BMW is looking for alternatives to air cargo for transmissions and other components to supply its factories, including its plant in Spartanburg, South Carolina, Mathias Schmidt, a spokesman for the Munich-based carmaker, said today in a telephone interview.
While no decisions have been made, assembly lines could come to a stop “in the worst case” if logistics disruptions persist for more than another two days, he said. Volkswagen AG, Europe’s largest carmaker, said it could also face production disruptions if European airspace remains closed.
As many as 81,000 flights have been canceled after the April 14 eruption of Iceland’s Eyjafjallajökull volcano spewed dust across Europe’s airspace, causing airports from Dublin to Moscow to shut down. The disruptions are costing carriers as much as $300 million in lost revenue a day, according to an estimate by the International Air Transport Association.
“The same issues are likely to affect all manufacturers,” said Juergen Pieper, an analyst at Bankhaus Metzler in Frankfurt. “They should be able to make up any lost production once deliveries restart,” said Pieper, who recommends buying BMW shares.
Volkswagen, which also makes Audi and Skoda cars as well as Scania trucks, “can’t rule out” that persistent flight restrictions could cause factories to run out of parts, Michael Brendel, a spokesman for the Wolfsburg, Germany-based company said today by telephone, declining to provide a timeframe for potential closures. “At the moment, there are no constraints.”

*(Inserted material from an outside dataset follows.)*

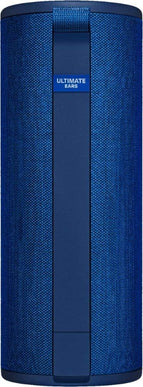 Product Image 5 - Ultimate Ears MEGABOOM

Daimler AG, the Stuttgart, Germany-based maker of Mercedes- Benz cars and trucks, doesn’t anticipate any disruptions beyond delays faced by employees on business travel, spokeswoman Ute von Vellberg said.

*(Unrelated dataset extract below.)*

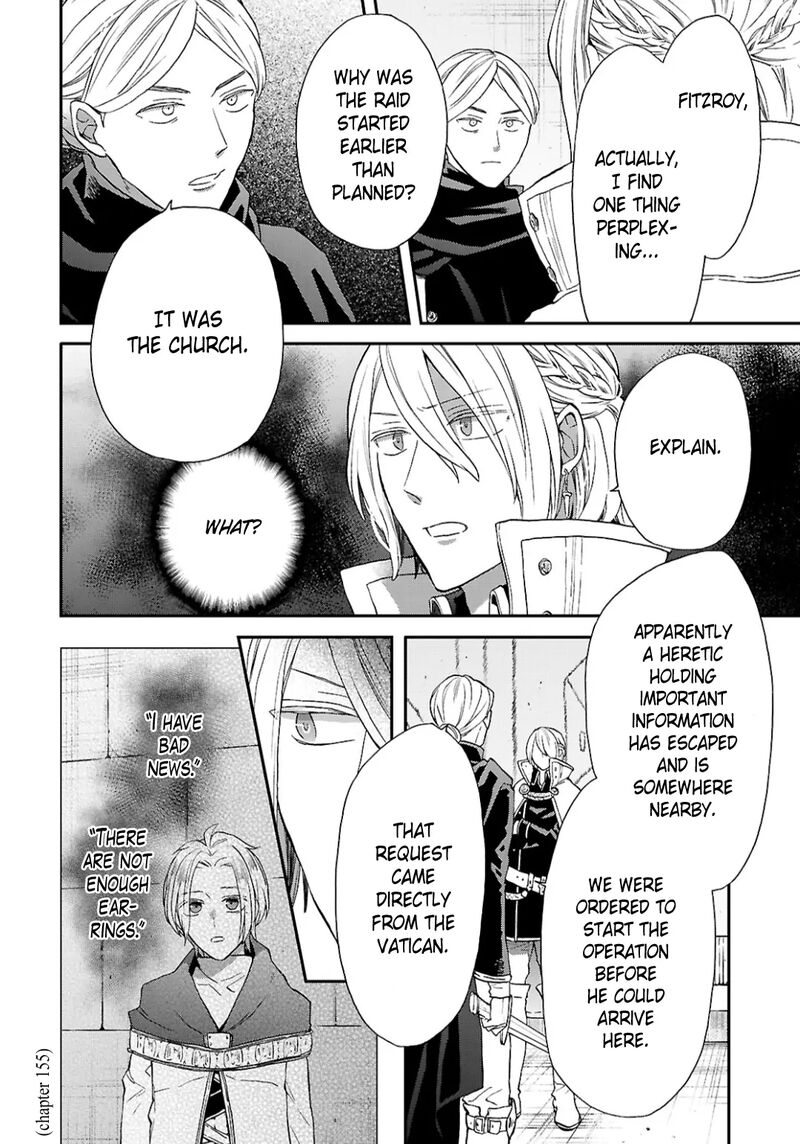 Bokura No Kiseki 158 12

BMW fell 0.7 percent to 35.31 euros in Frankfurt trading. Daimler, which operates a factory in Alabama, declined 0.6 percent to 36.31 euros. Volkswagen, which operates more than 60 factories around the world, fell 1 percent to 71.41 euros.
BMW produces about 600 vehicles a day at its sole U.S. factory, which opened in 1994, according to its Web site. The company also canceled a press trip to visit a factory in Shenyang, China, because of the air-travel restrictions. BMW officials and journalists were due to depart for China today.
The U.S. was BMW’s second-biggest market after Germany in terms of vehicles sold in the first quarter. Deliveries to U.S. customers rose 7.4 percent to 55,051 cars and SUVs in the first three months of 2010, according to company data.